(Spatial localization data)
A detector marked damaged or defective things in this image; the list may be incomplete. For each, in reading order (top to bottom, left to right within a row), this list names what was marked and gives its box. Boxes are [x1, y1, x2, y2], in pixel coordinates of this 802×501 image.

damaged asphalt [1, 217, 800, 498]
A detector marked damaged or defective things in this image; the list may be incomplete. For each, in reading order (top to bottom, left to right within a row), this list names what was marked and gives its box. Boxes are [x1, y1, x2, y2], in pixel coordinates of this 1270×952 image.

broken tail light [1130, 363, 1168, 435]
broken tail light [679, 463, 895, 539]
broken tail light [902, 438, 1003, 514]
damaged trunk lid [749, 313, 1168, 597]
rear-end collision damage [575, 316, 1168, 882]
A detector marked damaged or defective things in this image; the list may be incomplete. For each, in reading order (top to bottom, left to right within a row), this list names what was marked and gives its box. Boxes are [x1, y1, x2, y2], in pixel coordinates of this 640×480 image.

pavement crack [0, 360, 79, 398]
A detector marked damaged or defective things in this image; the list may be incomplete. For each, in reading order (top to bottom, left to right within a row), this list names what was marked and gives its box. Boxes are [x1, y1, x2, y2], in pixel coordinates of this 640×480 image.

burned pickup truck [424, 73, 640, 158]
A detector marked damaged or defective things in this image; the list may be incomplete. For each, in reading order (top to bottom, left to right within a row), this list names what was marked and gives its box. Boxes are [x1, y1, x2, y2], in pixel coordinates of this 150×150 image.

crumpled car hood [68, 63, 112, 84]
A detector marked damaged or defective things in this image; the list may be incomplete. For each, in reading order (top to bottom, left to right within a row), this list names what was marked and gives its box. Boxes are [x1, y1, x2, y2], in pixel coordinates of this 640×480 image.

_WHAT IS REQUIRED_: Having read the records above, print them out again exactly.

_WRITTEN ANSWER_:
A detector marked damaged or defective things in this image; the list may be incomplete. For each, in reading order (top to bottom, left to right within a row), this list names what was marked and gives its box. Boxes are [x1, y1, x2, y2], in pixel coordinates of this 802×501 image.

damaged asphalt [1, 217, 800, 498]
A detector marked damaged or defective things in this image; the list may be incomplete. For each, in reading order (top to bottom, left to right within a row), this list names what was marked and gives its box. Boxes are [x1, y1, x2, y2], in pixel coordinates of this 1270×952 image.

broken tail light [1130, 363, 1168, 435]
broken tail light [679, 463, 895, 539]
broken tail light [902, 438, 1003, 514]
damaged trunk lid [749, 313, 1168, 597]
rear-end collision damage [575, 316, 1168, 882]
A detector marked damaged or defective things in this image; the list may be incomplete. For each, in reading order (top to bottom, left to right within a row), this list names what was marked and gives its box. Boxes are [x1, y1, x2, y2], in pixel coordinates of this 640×480 image.

pavement crack [0, 360, 79, 398]
A detector marked damaged or defective things in this image; the list may be incomplete. For each, in reading order (top to bottom, left to right within a row), this list names what was marked and gives its box. Boxes are [x1, y1, x2, y2], in pixel coordinates of this 640×480 image.

burned pickup truck [424, 73, 640, 158]
A detector marked damaged or defective things in this image; the list may be incomplete. For each, in reading order (top to bottom, left to right within a row), this list names what was marked and gives its box. Boxes are [x1, y1, x2, y2], in pixel coordinates of this 150×150 image.

crumpled car hood [68, 63, 112, 84]
A detector marked damaged or defective things in this image; the list may be incomplete. For each, in reading order (top to bottom, left to right within a row), this list names what was marked and gives its box. Boxes are [x1, y1, x2, y2], in pixel coordinates of this 640×480 image.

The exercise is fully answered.